If we replaced the two messages with a single <ChangeState> message, then it is not idempotent, and we would need to include message IDs
to achieve at-least-once delivery. Out of order delivery MIGHT now
cause unwanted side effects, depending on the system and what clients expect.

The second approach to messaging appears simpler because there is
only one message no matter how many states the state machine has,
the first case has N-1 messages were N is the number of states.

Clearly message design has a big impact on the behaviour of the system!!!

For an application to "know" that it has processed a message, it
must be in a state that it can only have reached by processing that
message. There seems to be two approaches to achieve this: design your system to use idempotent messages, or design it so that progress
from one state to another makes messages idempotent. An interesting question is whether these two approaches are equivalent? If you
used both approaches would you come up with the same design.

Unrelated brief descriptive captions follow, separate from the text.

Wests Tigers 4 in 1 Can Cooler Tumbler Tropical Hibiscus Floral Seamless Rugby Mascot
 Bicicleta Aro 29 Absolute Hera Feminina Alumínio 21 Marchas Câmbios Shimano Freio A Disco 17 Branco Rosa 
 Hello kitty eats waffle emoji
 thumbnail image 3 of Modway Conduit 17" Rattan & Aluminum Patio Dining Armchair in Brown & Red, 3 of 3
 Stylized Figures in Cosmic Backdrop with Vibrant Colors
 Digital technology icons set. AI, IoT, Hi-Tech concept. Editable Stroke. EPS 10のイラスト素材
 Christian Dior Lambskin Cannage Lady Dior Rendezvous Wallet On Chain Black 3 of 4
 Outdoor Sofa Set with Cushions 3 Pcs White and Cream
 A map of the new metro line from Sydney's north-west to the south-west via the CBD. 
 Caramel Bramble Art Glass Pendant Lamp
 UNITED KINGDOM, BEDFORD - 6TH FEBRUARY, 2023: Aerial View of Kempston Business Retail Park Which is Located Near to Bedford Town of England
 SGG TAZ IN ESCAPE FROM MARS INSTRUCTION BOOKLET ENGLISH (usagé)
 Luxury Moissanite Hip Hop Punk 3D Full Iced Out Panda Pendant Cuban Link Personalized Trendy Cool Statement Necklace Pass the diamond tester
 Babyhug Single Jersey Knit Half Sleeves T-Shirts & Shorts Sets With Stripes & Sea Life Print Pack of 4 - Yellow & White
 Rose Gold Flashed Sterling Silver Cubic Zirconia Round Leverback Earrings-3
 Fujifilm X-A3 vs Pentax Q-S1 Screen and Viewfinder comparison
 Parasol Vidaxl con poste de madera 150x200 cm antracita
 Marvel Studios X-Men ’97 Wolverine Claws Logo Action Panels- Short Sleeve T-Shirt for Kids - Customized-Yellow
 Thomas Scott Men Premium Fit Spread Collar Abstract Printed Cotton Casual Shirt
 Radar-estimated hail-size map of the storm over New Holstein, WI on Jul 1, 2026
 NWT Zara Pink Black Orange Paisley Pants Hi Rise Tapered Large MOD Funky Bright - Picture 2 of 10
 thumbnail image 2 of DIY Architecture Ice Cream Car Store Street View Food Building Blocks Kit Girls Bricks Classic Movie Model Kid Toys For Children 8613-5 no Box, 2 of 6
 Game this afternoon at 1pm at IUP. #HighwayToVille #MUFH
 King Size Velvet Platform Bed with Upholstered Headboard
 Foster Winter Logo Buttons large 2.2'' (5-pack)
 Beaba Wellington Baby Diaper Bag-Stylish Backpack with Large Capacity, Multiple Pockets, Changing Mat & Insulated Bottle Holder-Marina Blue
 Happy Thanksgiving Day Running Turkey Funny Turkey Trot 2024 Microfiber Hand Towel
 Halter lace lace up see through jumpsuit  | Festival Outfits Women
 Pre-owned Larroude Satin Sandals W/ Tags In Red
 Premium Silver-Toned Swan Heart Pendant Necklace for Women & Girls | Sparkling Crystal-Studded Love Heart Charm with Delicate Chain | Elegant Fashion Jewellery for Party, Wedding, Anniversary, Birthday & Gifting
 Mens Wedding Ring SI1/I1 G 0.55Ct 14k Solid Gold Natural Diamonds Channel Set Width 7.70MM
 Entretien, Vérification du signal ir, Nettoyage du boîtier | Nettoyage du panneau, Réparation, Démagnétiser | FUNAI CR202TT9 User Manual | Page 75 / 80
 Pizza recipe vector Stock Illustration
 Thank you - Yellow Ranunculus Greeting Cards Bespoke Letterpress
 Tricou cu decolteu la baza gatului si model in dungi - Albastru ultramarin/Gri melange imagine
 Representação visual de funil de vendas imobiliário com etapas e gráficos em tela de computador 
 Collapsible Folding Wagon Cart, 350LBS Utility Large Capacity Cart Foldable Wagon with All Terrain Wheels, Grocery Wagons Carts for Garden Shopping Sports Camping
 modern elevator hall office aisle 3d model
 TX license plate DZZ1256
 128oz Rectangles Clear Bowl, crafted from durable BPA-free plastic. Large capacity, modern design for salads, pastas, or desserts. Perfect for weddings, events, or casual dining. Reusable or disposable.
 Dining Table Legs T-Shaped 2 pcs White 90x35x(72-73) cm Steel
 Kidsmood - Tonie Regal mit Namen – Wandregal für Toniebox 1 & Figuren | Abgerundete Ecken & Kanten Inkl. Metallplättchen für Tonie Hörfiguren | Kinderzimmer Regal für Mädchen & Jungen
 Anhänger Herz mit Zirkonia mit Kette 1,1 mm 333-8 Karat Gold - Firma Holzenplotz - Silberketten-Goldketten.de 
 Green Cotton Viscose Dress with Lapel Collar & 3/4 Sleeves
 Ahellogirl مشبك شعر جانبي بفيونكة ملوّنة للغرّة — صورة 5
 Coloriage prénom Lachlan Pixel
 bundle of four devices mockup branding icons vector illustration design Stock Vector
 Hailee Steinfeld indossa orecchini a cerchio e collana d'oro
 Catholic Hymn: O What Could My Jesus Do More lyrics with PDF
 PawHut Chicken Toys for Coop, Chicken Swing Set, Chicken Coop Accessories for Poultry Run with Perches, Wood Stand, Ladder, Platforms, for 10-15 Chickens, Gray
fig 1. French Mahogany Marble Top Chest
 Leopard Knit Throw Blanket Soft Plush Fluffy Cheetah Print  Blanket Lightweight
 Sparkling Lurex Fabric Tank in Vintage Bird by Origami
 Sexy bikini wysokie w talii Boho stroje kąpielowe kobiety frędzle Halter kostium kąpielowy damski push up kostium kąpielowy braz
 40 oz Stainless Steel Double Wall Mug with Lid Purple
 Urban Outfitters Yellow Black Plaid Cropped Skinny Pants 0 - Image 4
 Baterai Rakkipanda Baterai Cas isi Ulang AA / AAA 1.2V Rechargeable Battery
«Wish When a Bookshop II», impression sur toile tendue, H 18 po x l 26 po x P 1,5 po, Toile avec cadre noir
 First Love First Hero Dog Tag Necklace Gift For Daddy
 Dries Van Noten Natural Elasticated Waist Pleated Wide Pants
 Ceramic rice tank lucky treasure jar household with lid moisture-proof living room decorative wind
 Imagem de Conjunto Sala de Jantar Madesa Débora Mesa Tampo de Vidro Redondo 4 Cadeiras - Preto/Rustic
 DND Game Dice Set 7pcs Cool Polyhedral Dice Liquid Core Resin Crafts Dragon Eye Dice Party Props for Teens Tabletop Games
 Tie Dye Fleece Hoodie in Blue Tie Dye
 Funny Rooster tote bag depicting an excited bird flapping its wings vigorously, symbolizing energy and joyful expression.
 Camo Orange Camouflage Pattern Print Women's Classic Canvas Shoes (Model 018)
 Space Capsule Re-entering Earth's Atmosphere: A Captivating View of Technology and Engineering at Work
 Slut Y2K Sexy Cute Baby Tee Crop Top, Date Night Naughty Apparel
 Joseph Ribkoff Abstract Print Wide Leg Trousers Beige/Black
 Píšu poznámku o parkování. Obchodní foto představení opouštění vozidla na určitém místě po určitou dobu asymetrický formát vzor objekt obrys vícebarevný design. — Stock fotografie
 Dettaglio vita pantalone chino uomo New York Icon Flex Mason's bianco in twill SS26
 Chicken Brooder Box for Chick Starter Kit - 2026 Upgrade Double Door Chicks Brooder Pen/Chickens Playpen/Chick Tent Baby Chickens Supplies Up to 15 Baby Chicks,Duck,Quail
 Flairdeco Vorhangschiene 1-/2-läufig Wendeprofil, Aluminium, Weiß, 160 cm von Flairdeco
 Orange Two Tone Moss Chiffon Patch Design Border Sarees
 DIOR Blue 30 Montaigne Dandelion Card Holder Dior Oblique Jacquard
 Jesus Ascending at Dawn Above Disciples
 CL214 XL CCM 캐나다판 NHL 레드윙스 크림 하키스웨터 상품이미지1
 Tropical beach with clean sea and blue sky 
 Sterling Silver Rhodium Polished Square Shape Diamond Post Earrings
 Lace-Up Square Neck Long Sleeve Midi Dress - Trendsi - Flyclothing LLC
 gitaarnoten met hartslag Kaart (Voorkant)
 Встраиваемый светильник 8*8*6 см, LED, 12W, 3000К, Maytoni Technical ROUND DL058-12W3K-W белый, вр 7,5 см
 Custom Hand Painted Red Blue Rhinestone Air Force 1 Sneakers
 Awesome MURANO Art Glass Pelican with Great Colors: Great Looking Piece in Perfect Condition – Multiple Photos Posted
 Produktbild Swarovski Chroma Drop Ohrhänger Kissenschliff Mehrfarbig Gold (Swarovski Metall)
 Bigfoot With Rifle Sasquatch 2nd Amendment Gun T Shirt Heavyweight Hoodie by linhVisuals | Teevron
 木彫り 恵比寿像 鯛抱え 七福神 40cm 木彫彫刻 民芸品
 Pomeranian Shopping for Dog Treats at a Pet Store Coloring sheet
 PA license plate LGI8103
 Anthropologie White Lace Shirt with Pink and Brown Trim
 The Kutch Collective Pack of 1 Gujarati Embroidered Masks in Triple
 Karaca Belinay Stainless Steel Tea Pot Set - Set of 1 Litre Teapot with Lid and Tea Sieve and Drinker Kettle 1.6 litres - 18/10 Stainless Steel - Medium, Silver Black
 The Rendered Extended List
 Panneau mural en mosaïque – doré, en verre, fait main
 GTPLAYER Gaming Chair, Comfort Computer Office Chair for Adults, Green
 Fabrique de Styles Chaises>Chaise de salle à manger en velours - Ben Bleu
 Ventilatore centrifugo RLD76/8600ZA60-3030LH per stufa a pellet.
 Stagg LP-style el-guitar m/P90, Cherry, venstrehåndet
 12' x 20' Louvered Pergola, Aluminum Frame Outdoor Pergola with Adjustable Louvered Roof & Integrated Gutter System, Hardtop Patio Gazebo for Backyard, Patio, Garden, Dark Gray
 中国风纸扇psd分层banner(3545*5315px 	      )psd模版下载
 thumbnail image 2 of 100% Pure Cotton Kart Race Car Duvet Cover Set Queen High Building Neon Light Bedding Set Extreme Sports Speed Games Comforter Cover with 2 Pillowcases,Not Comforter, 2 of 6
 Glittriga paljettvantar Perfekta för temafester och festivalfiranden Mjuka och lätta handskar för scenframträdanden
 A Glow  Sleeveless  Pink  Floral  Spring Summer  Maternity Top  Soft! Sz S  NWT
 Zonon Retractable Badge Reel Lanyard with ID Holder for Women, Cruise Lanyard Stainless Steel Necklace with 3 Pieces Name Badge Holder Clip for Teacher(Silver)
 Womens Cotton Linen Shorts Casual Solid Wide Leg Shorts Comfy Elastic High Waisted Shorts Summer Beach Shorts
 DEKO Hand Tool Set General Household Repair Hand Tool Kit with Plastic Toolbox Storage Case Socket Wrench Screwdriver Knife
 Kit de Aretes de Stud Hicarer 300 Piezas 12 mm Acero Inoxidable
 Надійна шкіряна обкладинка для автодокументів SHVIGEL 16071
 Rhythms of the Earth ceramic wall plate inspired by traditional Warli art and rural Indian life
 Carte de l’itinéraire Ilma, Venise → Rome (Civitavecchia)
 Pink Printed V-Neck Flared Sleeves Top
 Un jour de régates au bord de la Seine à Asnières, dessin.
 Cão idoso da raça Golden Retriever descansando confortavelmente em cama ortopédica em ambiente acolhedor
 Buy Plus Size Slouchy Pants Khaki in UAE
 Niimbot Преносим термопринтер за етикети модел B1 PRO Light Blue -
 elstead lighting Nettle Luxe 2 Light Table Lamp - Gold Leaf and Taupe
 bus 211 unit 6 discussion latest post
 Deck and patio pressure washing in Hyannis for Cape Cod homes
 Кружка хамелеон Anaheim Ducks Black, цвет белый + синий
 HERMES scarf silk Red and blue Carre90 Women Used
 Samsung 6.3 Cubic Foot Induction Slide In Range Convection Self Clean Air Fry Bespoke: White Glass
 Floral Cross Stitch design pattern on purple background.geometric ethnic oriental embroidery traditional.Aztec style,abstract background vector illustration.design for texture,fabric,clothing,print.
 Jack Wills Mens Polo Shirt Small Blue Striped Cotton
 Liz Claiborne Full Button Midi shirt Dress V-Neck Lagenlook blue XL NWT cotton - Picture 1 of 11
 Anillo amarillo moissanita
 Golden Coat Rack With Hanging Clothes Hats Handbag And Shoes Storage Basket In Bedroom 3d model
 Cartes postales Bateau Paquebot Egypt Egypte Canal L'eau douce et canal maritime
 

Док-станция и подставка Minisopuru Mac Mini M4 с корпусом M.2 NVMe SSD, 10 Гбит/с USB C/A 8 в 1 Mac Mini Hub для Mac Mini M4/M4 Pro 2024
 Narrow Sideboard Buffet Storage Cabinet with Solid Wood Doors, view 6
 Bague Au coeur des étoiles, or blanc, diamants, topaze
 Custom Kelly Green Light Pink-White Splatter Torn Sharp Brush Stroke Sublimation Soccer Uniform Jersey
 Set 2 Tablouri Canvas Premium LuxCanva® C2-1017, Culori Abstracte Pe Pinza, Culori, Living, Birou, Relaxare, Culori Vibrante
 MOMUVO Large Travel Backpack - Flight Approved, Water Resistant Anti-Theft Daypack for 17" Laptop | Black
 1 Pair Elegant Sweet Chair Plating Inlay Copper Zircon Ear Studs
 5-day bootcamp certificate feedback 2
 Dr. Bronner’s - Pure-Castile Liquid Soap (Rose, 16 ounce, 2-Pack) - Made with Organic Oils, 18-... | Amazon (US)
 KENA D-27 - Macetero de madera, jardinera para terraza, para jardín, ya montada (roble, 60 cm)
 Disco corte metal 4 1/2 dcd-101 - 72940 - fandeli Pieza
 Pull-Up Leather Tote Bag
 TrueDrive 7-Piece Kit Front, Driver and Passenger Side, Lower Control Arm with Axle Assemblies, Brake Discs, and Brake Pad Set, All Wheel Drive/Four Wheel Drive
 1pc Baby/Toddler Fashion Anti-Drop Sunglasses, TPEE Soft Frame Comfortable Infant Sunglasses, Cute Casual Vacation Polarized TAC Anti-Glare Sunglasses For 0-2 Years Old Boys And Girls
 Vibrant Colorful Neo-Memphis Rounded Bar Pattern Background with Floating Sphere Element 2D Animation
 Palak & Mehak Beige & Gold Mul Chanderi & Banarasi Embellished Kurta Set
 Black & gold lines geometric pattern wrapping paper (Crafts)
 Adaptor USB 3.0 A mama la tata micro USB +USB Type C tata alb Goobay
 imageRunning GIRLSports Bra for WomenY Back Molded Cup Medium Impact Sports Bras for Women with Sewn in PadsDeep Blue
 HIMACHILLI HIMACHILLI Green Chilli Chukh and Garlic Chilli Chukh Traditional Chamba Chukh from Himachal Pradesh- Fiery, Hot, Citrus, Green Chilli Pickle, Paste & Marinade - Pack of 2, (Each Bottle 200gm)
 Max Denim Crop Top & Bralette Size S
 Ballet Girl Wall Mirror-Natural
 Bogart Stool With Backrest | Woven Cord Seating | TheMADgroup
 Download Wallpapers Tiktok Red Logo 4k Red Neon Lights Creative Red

The messages <a->B> and <b->C> map to PUT(B) and PUT(C) in HTTP, while <ChangeState> maps to POST(ChangeState).

In a programming language the operation might be implemented as
stateMachine++. stateMachine++ is interesting because it looks like ,
but the underlying system (CPU and memory) views it differently:


retrieve value stored at address "stateMachine",
increment value,
put new value back to address "stateMachine"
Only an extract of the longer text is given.